=== Section Start ===

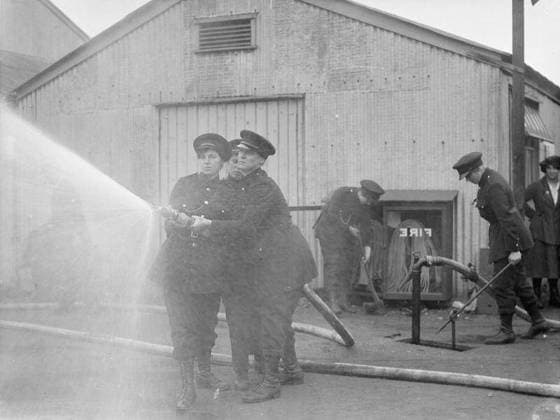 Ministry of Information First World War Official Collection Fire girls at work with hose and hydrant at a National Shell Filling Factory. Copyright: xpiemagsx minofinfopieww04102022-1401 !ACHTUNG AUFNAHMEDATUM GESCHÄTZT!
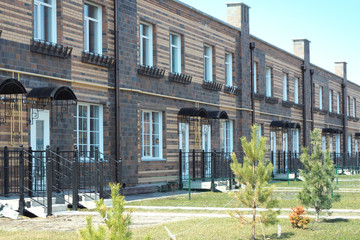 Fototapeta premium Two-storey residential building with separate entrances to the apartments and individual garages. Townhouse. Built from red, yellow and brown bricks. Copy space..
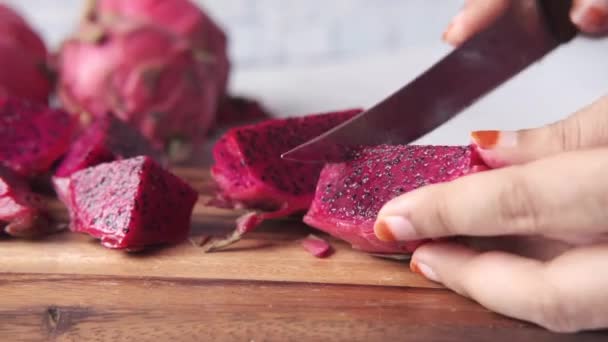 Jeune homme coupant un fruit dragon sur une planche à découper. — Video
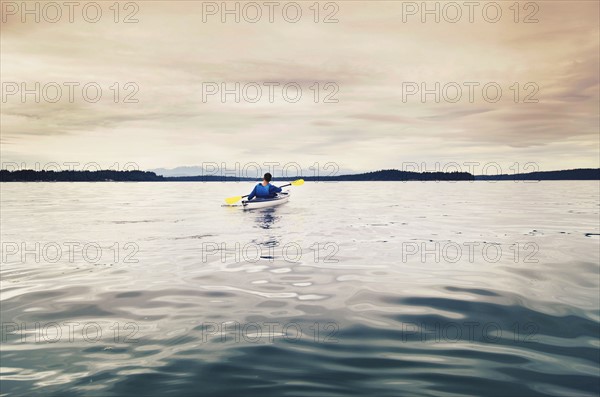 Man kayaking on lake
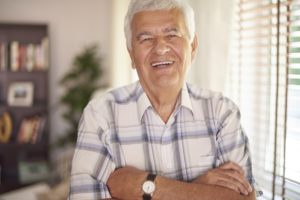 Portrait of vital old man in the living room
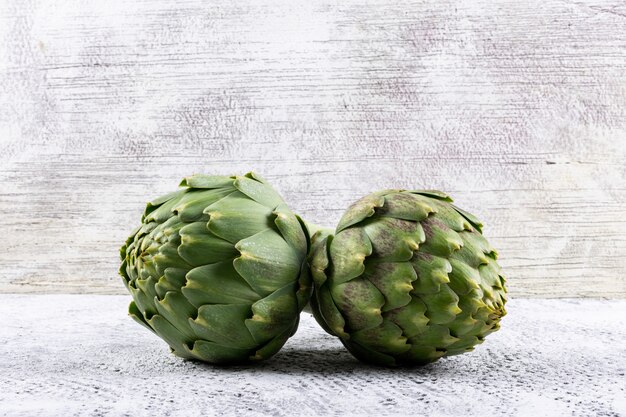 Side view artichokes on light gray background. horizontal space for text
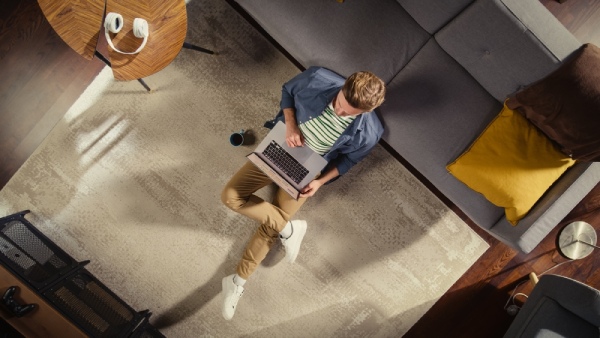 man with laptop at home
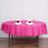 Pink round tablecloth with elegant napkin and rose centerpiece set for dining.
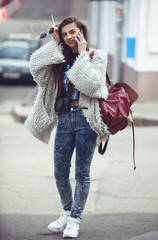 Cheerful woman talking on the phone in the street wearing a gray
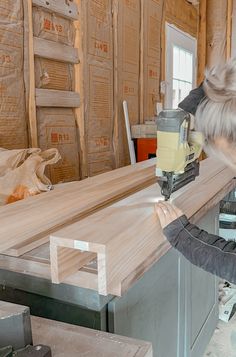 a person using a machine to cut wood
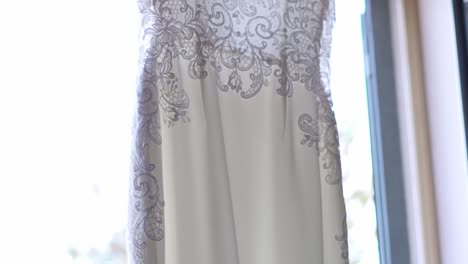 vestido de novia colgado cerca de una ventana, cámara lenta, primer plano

=== Section End ===
=== Section Start ===

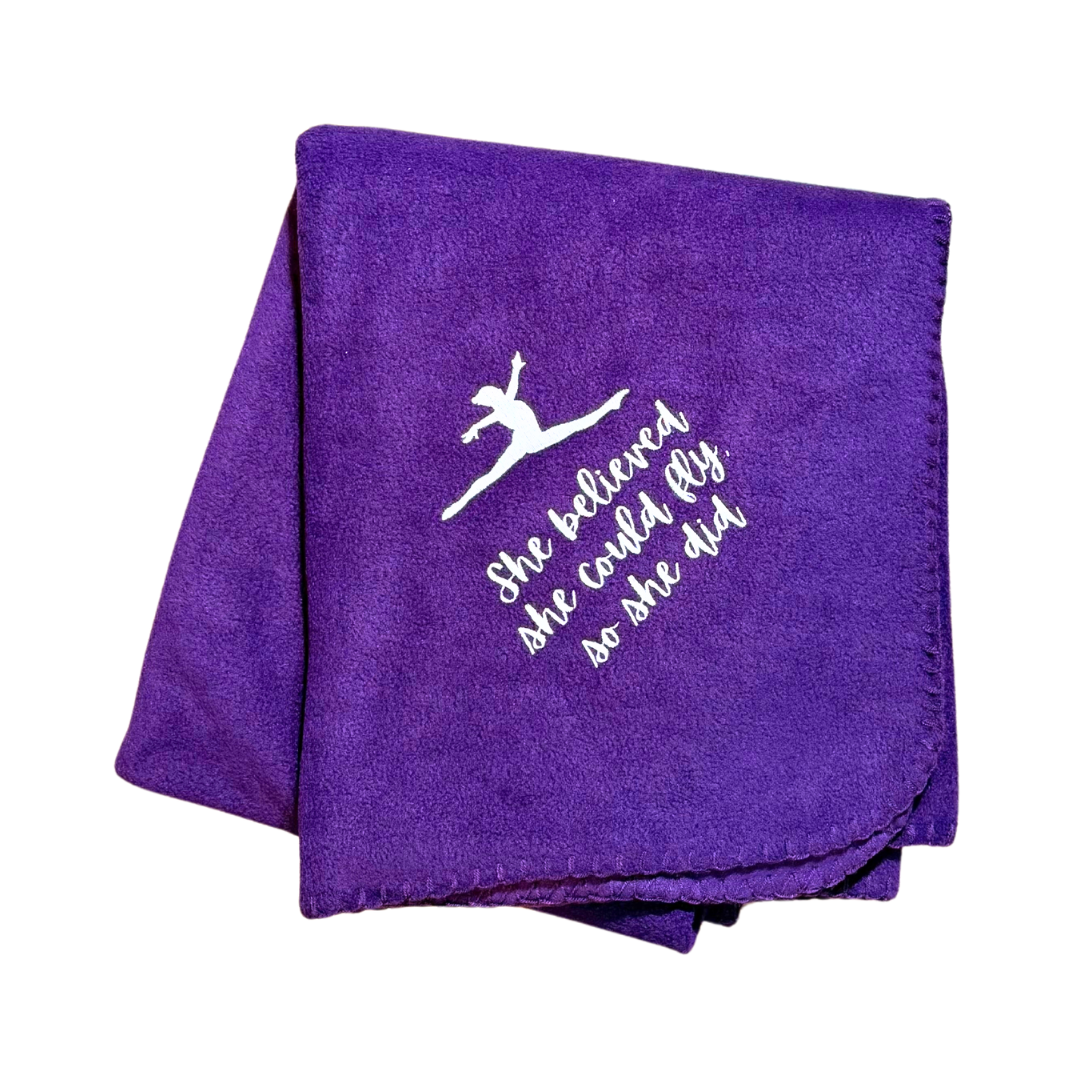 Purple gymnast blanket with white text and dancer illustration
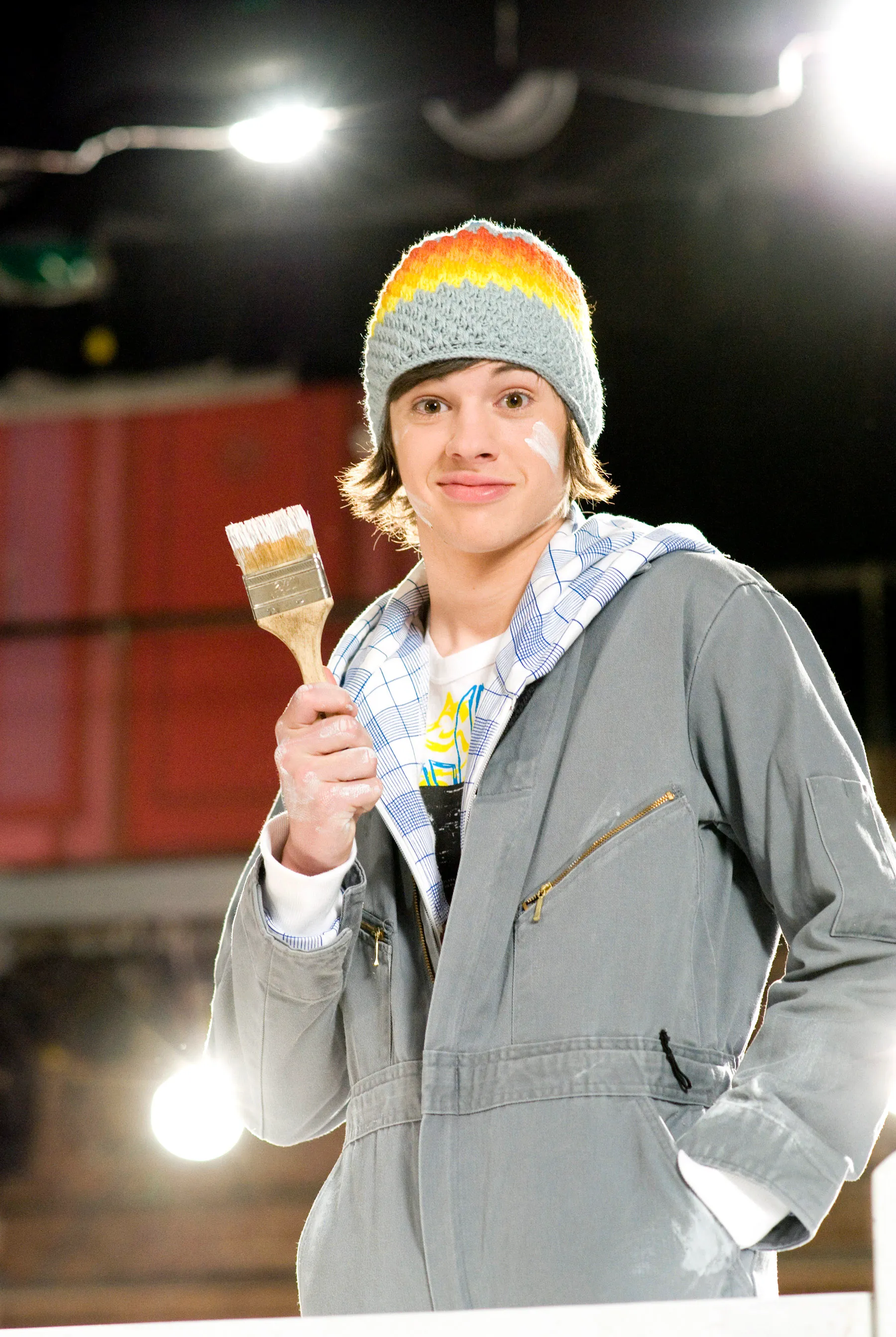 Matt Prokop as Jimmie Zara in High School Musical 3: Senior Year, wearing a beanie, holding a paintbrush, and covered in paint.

=== Section End ===
=== Section Start ===

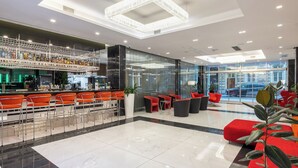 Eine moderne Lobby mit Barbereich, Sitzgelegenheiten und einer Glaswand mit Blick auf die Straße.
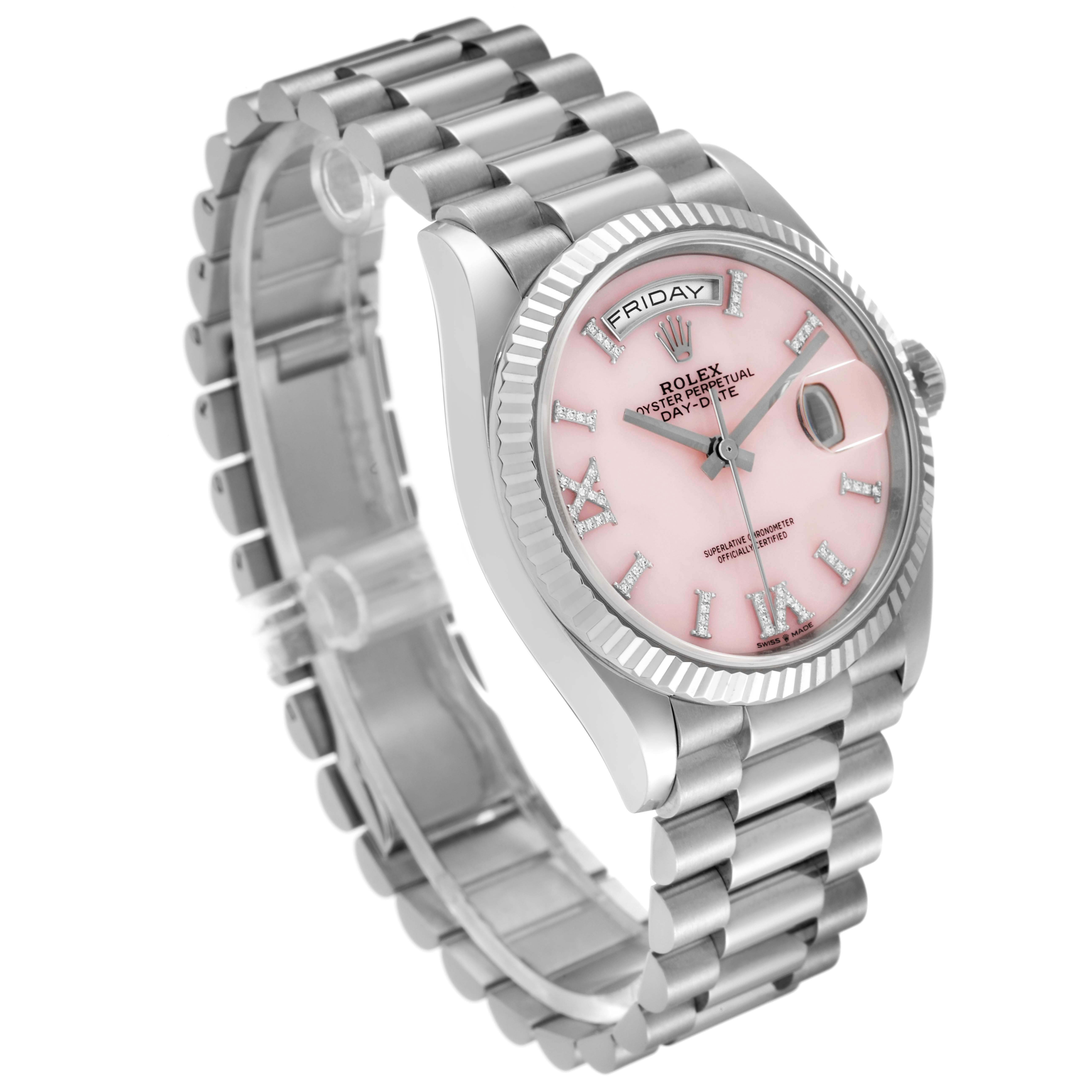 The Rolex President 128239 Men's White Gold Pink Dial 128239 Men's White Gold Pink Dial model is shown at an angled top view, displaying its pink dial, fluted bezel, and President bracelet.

=== Section End ===

• Work order:
Once the line with "Portrait of vital old man in the living room" has been found above, output that line and every later line exactly, stopping after the line with "vestido de novia", and omit the pictures.

• Problem solution:
 Portrait of vital old man in the living room
 Side view artichokes on light gray background. horizontal space for text
 man with laptop at home
 Pink round tablecloth with elegant napkin and rose centerpiece set for dining.
 Cheerful woman talking on the phone in the street wearing a gray
 a person using a machine to cut wood
 vestido de novia colgado cerca de una ventana, cámara lenta, primer plano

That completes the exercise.